The market now contains 231 businesses employing 2,500 people and accounts for around 40 per cent of London’s fruit and vegetables eaten outside the home, according to the report submitted to DEFRA secretary Caroline Spelman.
Operating profit at CGMA, before feasibility study costs for the redevelopment of the market, was £2.2m (€2.6m), up from the 2008/09 figure £1.6m (€1.9m). After redevelopment feasibility costs of £3.3m (€3.9m), a loss after tax of £1.5m (€1.8) was recorded.
Some 85 per cent of tenant responses to an anonymous text survey rated CGMA service as good as or better than the previous year.
CGMA chief executive Jan Lloyd told freshinfo: “The market is made up of SMEs that are quite flexible. The independent retail sector has held up well and has held up the figures with the pressure that the foodservice side has been under.
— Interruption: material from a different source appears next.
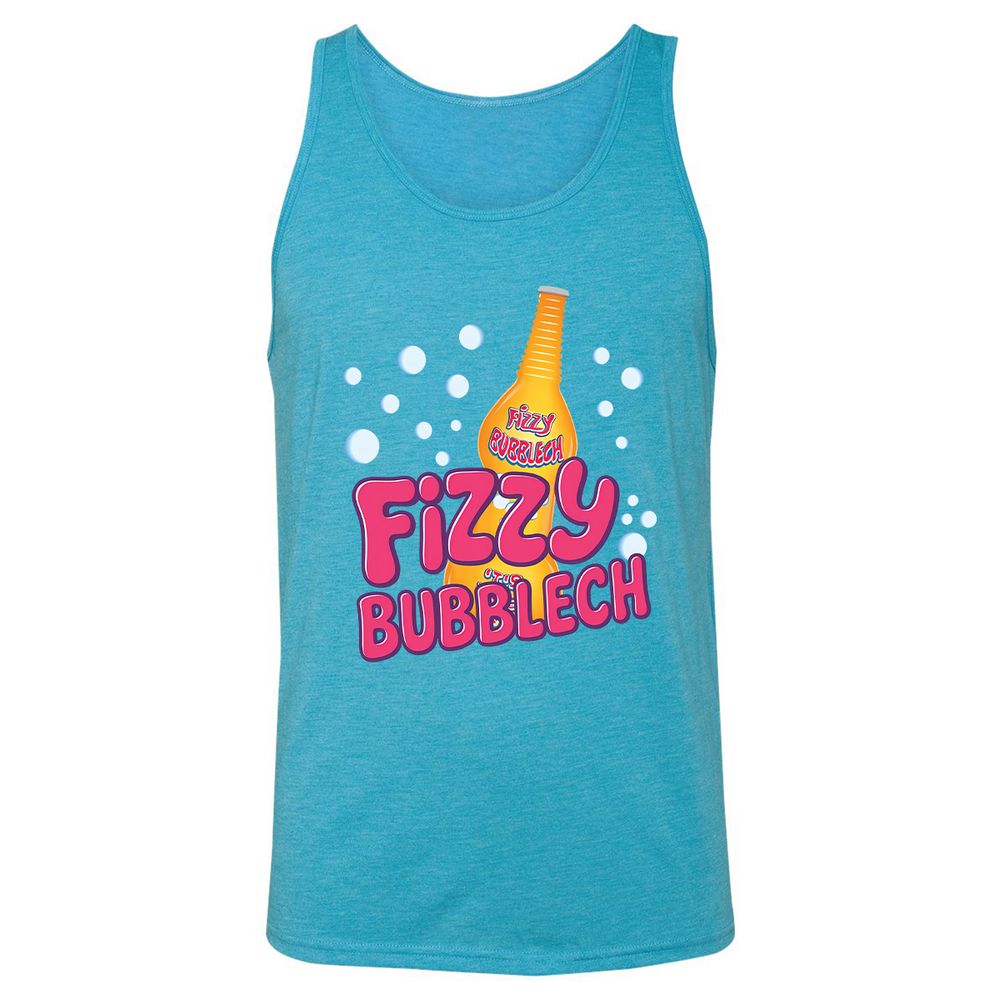 Unisex Jersey Tank - EVWBX7M3 - Aqua Triblend - 3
“The fact that there has not been the amount of business failures that you might expect during a recession is credit to the resilient businesses on the market.”
CGMA has selected a shortlist of developers for the next stage of the procurement process to develop The Garden at New Covent Garden Market redevelopment project. It is thought the project will not affect traders for at least three years.
The authority said: “This project will be delivered at no expense to the taxpayer and will be entirely self-financing from CGMA’s land assets.”